Tactics In War

Sometimes I watch these documentaries/movies about the Civil War, and in their war scenes (if they are actually depicting them how they really fought), why is it that the troops are all in a line, shooting each other in plain view? Isn’t that sorta…stupid? :confused:

Why wouldn’t they try hiding behind trees and shooting at each other?

That is how war was fought back then. It was considered cowardly to hide behind a tree.

Because the guns at the time were inaccurate. Massed volley fire ensured you hit something.

The civil war saw the end of fighting like that.

A warfare almost as bad was picked up.

Trench warfare.

thanks for the replies. :slight_smile:

In trench warfare (as I understand it), didn’t they haveat least some sort of cover, though? The trench itself?

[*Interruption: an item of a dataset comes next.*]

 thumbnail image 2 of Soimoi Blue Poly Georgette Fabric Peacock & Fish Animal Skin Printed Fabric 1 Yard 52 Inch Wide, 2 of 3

It was the only way large groups of men could be directed by a central command without the use of radio communications. Shooting at the enemy from behind hedgerows and the like was dastardly and ungentlemanly. It was not the way a decent chap fights a war but rather the behaviour of what one would today call a terrorist.

Mostly they did use cover - at least the defenders did. As much as possible, the side defending a position would take advantage of trees, fences, farm walls, or whatever. If they had some time available, they would dig trenches and make spiked defenses out of tree trunks.

Sometimes attackers had to cross open country to get to the defending side. When this was done against a dug-in opponent - e.g. Pickett’s Charge at Gettysburg, or Grant’s assaults at Cold Harbor - the result was usually a disaster for the attackers.

As the war went on, the tactic of digging in became more and more prevalent, because it worked. The end result was the 10 months of trench warfare at Petersburg that terminated the war.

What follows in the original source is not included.